Benjamin Arribe, 23 ans,

En 4e année, il reconstruit à partir de photos avec son camarade Raphaël Yver et les membres du cercle aéronautique de l'école une copie du premier hélicoptère lancé en 1907 par Paul Cornu. Ils ambitionnent de le présenter au Salon du Bourget, en juin. Projet professionnel ? Pilote de ligne.

Ecoles d'ingénieurs après bac : les 15 plus professionnalisantes

Un mois en moyenne pour trouver un premier emploi, 32 000 euros brut environ pour le premier salaire : si les écoles d'ingénieurs post-bac sont rarement destinées à former les PDG du CAC 40, elles n'ont guère à rougir de leurs performances en matière de professionnalisation. En tête, l'Isep, qui surfe sur la vague des télécoms, de l'informatique et de l'électronique, mais aussi une pionnière en matière d'apprentissage, ce qui lui permet d'être numéro un. Derrière elle, sans surprise, viennent l'Insa Lyon et l'Université de technologie de Compiègne, les leaders de notre palmarès après-bacC. M.

Écoles d'ingénieurs après bac : les 15 meilleures à l'international

Classer les écoles d'ingénieurs post-bac à l'international est une gageure : elles sont par nature peu tournées vers l'étranger. « Les étudiants n'aiment guère s'exiler », assure-t-on à l'Ecole centrale d'électronique (ECE), qui oblige pourtant ses ouailles à partir au moins quelques semaines.
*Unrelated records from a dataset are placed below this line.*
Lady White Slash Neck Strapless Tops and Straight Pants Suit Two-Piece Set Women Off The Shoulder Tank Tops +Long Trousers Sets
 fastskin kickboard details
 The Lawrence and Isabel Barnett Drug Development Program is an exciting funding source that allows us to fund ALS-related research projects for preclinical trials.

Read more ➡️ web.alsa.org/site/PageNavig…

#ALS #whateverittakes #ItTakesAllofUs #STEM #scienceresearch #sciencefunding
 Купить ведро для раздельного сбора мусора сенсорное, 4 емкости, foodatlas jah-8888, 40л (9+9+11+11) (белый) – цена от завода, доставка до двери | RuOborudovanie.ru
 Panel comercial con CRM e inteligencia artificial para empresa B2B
Même politique à l'Efrei. Il est vrai que certains étudiants préfèrent accumuler les stages en France ou participer à des contrats de recherche pour être plus vite sur le marché du travail. Donc, les performances sur ce terrain sont faibles. En tête, l'Ecole européenne d'ingénieurs en génie des matériaux (EEIGM) de Nancy, dont 50 % des professeurs sont étrangers et 40 % des étudiants s'expatrient pour vingt mois en moyenne C. M.